There were no significant differences between the groups with regard to body weight, gestational age, and the main maternal and neonatal morbidities (table 1).

Table 1 Characteristics of the study groups.

	Control (n = 93)	Trial (n = 95)	p Value
Birth weight	1137 (324)	1194 (273)	>0.05
Gestational age	29.7 (2.3)	30.2 (2.3)	>0.05
Male infants	61	48	>0.05
Maternal steroids	42	37	>0.05
Normal delivery	34	33	>0.05
HMD	50.5	42	>0.05
PDA	26	27	>0.05
Suspected sepsis	59	55	>0.05
Confirmed sepsis	29	23	>0.05
Apnoea	77.4	72	>0.05

Values are mean (SD) or percentages.

HMD, Hyaline membrane disease; PDA, patent ductus arteriosus.

There were no significant differences with regard to respiratory assistance between the groups.
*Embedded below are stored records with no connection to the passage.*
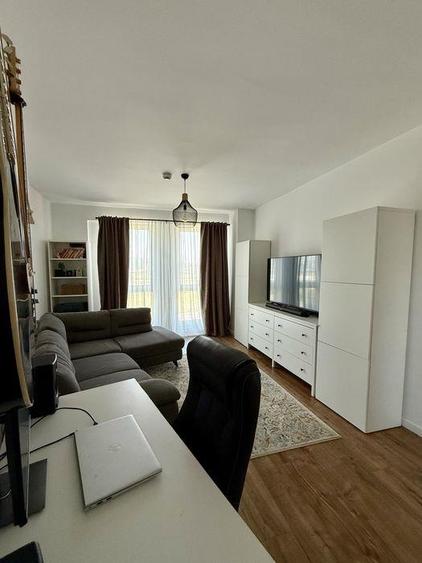 Apartament cu 3 camere decomandat în Someșeni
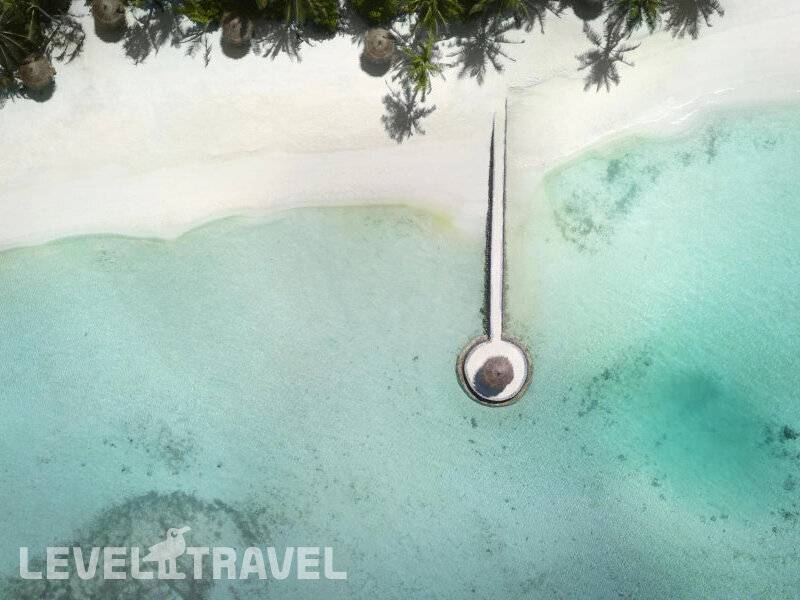 Фотография Anantara Veli Resort & Spa Maldives (Adults Only 18+)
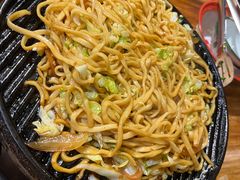-石记老北京炙子烤肉(松园店)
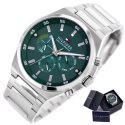 Tommy Hilfiger ZEGAREK MĘSKI TOMMY HILFIGER DEXTER 1792088 (zf104a) + BOX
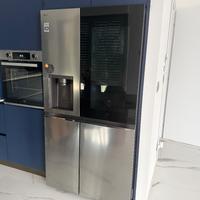LG frigo toc toc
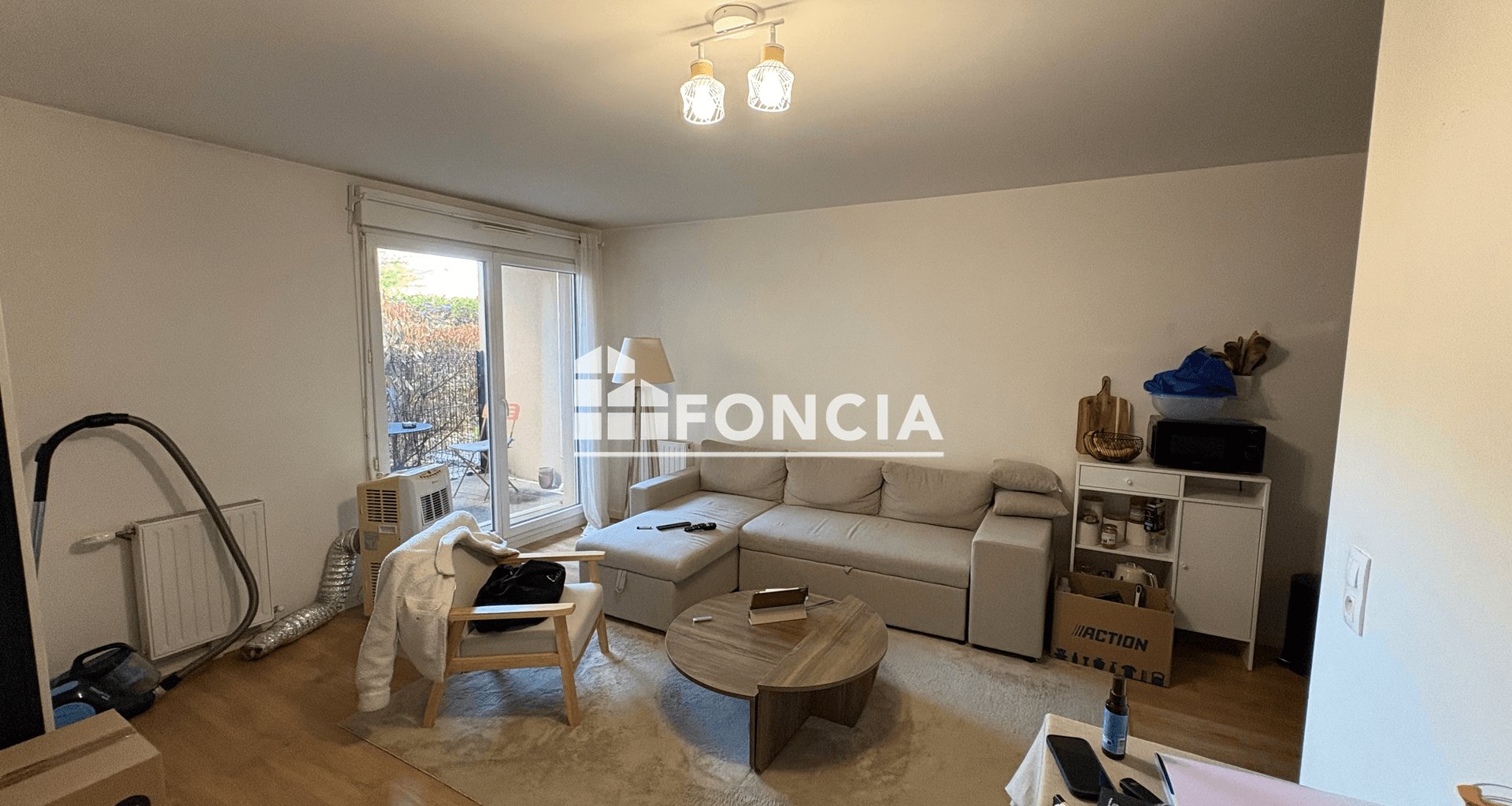 Appartement à vendre, 43m², Aubergenville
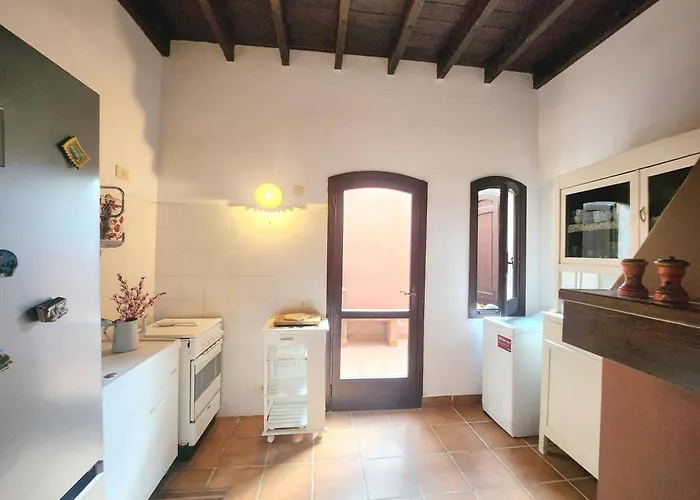 Rosa Bestvacationever Ferienhaus *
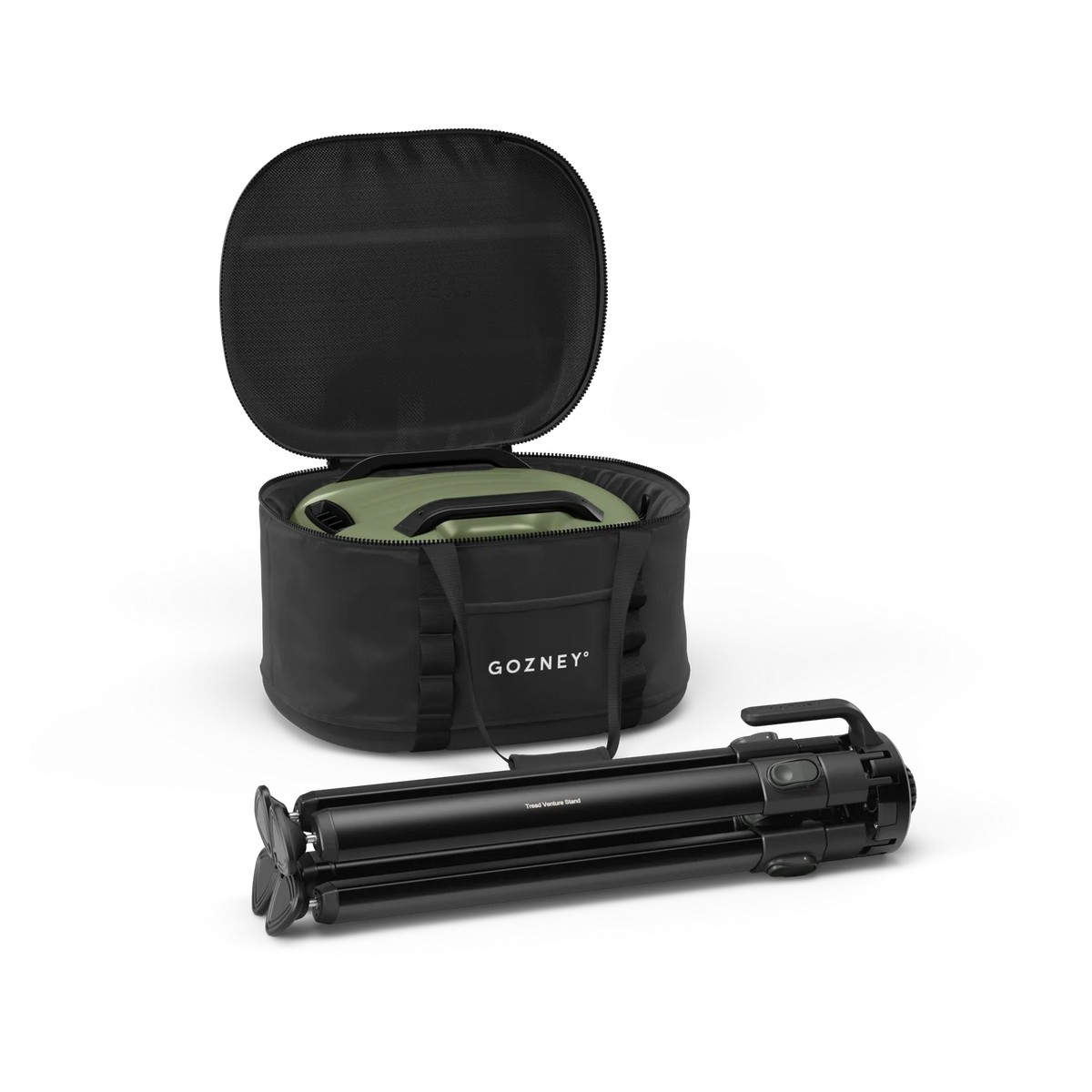 Gozney Tread Trail Bundle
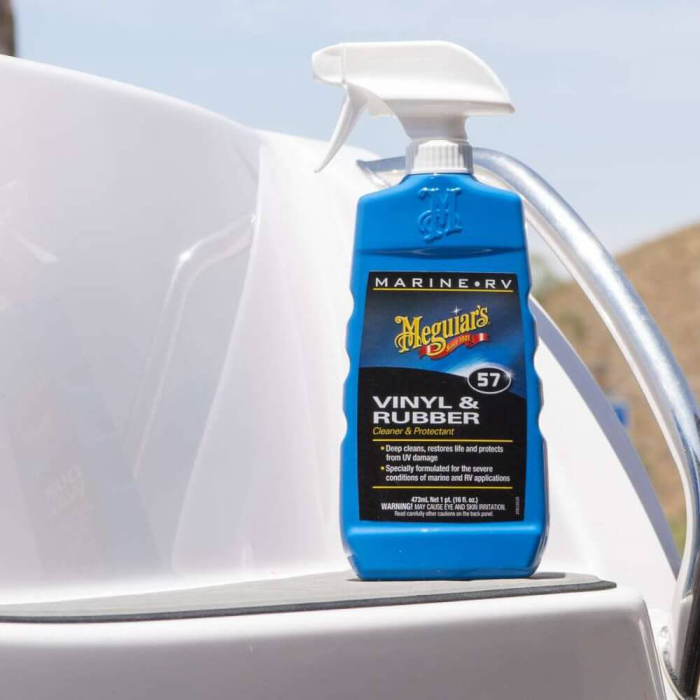 M5716_Meguiars_Marine_RV_Vinyl_and_Rubber_Cleaner_and_Protectant_M57_solutie_curatare_si_dressing_vinilin_si_cauciuc_ambarcatiuni_si_rulote_473ml. [2]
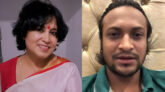 সাকিবের ক্ষমা চাওয়া উচিত হয়নি : তসলিমা নাসরিন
Mechanical ventilation was administered for 293 (509) hours to the trial group compared with 259 (103) hours to the control group (median 90 v 103 hours), continuous positive airway pressure for 140 (20) v 161 (18) hours (median 48 v 84 hours), and oxygen 23 (33) v 23 (29) days (median 6 v 12 days).

A total of 368 ophthalmological examinations were performed during the period of the study with a mean (SD) of 1.96 (1.24) per baby.
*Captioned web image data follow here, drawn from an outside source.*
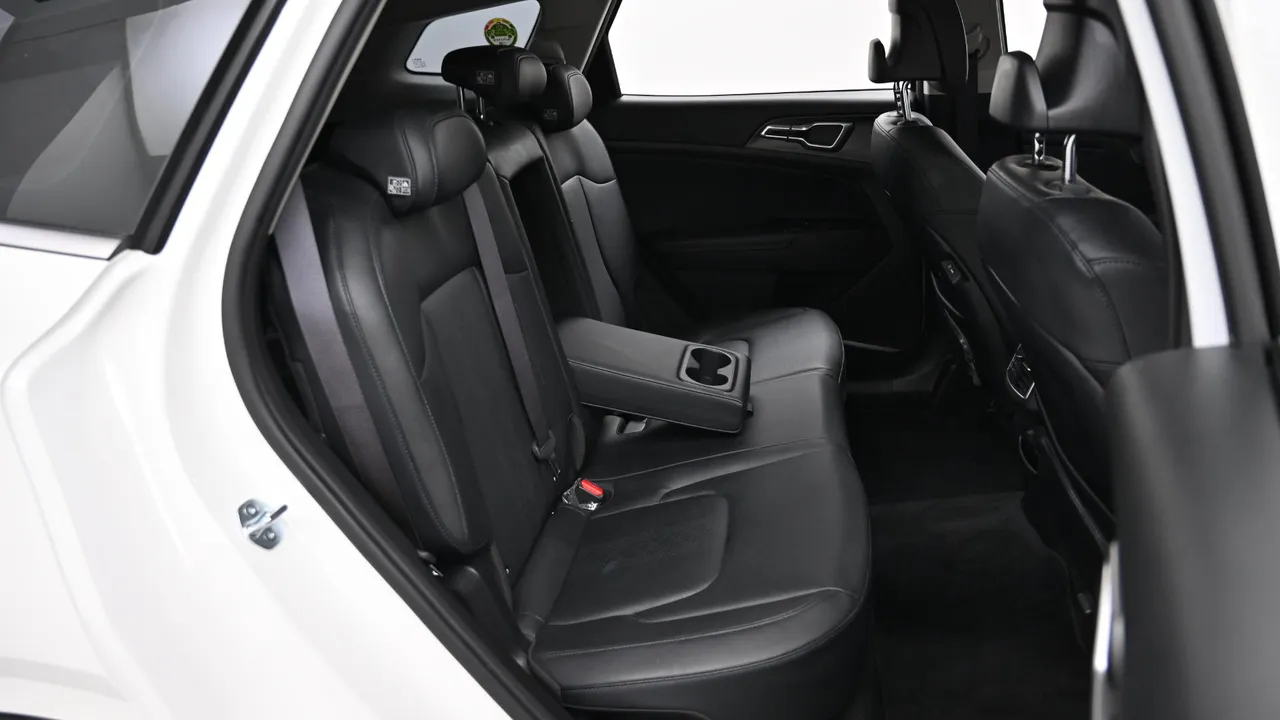 Kia Sportage — miniaturë 12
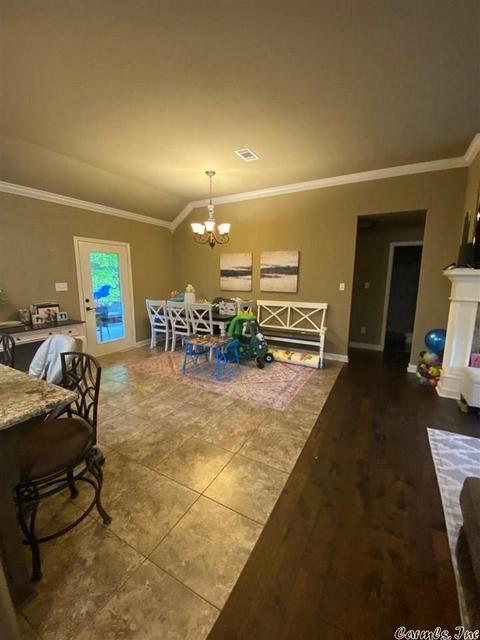 601 Joseph Dr, Alexander, AR 72002 photo 3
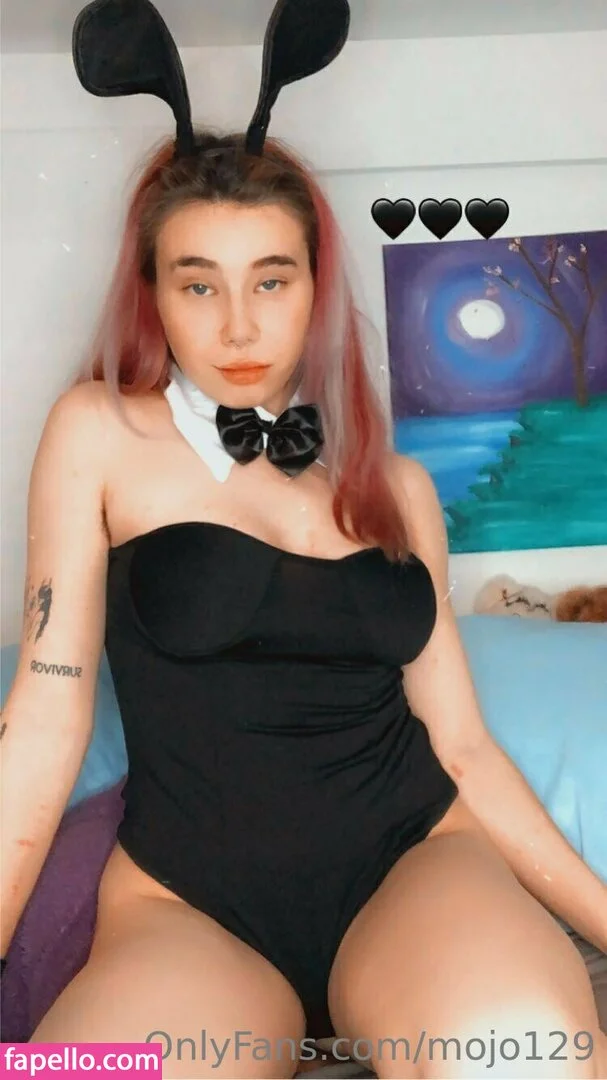 mojo129 / mojo12_photography Onlyfans Photo Gallery 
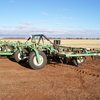Smale Multivator Heavy Duty 6 Row 42'6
Table 2 shows the frequency of confirmed retinopathy, grade 3 and 3+ (pre‐threshold disease).

Table 2 Incidence of retinopathy of prematurity.

	Control group	Trial group	p Value
Absent	50/93 (54)	51/95 (54)	>0.05
Grades 1 & 2	36/93 (39)	37/95 (39)	>0.05
Grades 3 & 3+	7/93 (7)	7/95 (7)	>0.05
Cryo/Laser	6 (6)	5 (5)	>0.05
Total	43/93 (46)	44/95 (46)	>0.05

Values in parentheses are percentages.

Cryo/Laser, cryotherapy or laser therapy for retinopathy.

To control for possible confounding variables, we conducted a logistic regression analysis adjusting for the time of exposure to oxygen, sex, gestational age, birth weight, and suspected or confirmed sepsis. The odds ratio and confidence intervals for eye protection were 1.24 (0.61 to 2.48) (p  =  0.55).

Discussion

It is difficult to compare the results of this study with those reported by initial clinical studies that investigated the role of ambient light on the development of ROP such as those conducted by Glass et al,1 Ackerman et al,2 and Seiberth et al3 because of the differences in methodology, population, and study design. Our results are very similar to those of Reynolds et al,4 differing only in the population of newborns admitted (<1600 g v <1250 g). For this reason, the incidence of ROP in our study was lower: 46% v 58%. If we stratify the data using the same birthweight bracket (<1250 g), our ROP incidence was 63% in the trial group and 60% in the control group, which is very close to the values found by Reynolds et al.

What is already known on this topic

• Known risk factors for retinopathy of prematurity are low birth weight and oxygen exposure

• Light exposure has been studied as a possible risk factor

What this study adds

• Further evidence is provided that light reduction does not decrease the incidence of retinopathy of prematurity

The results of this study combined with published data provide strong evidence that reduction of ambient light does not have any effect on the incidence of retinopathy in infants with very low birth weight.